It’s a beautiful day in Portland, Oregon and I am sitting in the bar that makes me comfortable when it is raining. I have hiked four miles and sat down for a beer in the dreary confines of an old-school bar with smoke edged lines. There are people talking about Cagney films, there is slop out the window around the tallest building in the city. The winter is coming and I am here, listening to the sad talk of old-timers while deliberate fog makes its way over the hills from the ocean, teasing us lowlanders that we might have rain soon.
There is what I grew up with, not from my parents, but from my family. Here is never here.
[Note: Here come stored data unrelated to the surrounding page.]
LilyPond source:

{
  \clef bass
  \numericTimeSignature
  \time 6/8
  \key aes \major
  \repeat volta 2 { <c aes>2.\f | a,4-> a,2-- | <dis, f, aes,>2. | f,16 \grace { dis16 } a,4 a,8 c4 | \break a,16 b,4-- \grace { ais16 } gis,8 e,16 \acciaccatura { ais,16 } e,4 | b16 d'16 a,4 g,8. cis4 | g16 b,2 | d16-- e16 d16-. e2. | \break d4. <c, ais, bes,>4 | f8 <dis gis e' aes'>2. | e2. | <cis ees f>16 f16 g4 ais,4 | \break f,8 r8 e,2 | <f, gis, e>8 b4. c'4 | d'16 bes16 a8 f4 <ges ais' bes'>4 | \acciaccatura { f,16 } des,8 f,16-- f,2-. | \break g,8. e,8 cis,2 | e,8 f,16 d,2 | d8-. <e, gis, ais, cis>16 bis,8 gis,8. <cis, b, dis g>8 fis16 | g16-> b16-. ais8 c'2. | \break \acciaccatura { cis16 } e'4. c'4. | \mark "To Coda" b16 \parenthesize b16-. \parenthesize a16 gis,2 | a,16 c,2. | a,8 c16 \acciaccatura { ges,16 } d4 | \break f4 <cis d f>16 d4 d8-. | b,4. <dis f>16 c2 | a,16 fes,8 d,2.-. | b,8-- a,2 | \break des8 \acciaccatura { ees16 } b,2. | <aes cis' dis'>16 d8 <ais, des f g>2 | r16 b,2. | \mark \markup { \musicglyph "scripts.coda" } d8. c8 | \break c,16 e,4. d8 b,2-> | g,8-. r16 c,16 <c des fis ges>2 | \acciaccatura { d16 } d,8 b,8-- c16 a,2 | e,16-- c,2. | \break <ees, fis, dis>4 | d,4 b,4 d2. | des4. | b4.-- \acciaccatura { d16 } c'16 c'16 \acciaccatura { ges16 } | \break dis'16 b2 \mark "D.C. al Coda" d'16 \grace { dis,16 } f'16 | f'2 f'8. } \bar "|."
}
There is talking about the lump on so and so’s neck. There is the five deaths in the past year of people you have never even known. She is doing better. She does look great since that niece of hers finally stopped by. Not to say it was her fault, of course. Who could be blamed?
Here is a slow amble to a market, purchased tomatoes eaten out of hand. Here is a sun that fucks up my understanding of fall: no soccer, no basketballs. Here I am writing on a day off. I could be spinning any struggle to beat any opponent. Instead, my biggest obstacle to a successful day is snot riding high in my sinuses.
I walked by an eviscerated Durian fruit sitting in the gutter today. Durian smells like its reputation. I will now assure you.
School is starting up and I have to ask myself often whether this is right for me. This being my life. This being students at newly acclaimed institutions buying coffee from their predecessor. This being stress fractures in my ribs when I think about the people that have helped me. This being hard to put in words unless you can put it in words. Then, why am I here? I am here because I made decisions. I stand behind them, I stand in front of them when the bullet comes.
World: Here I am, rock me like a hurricane. Or sunny September day.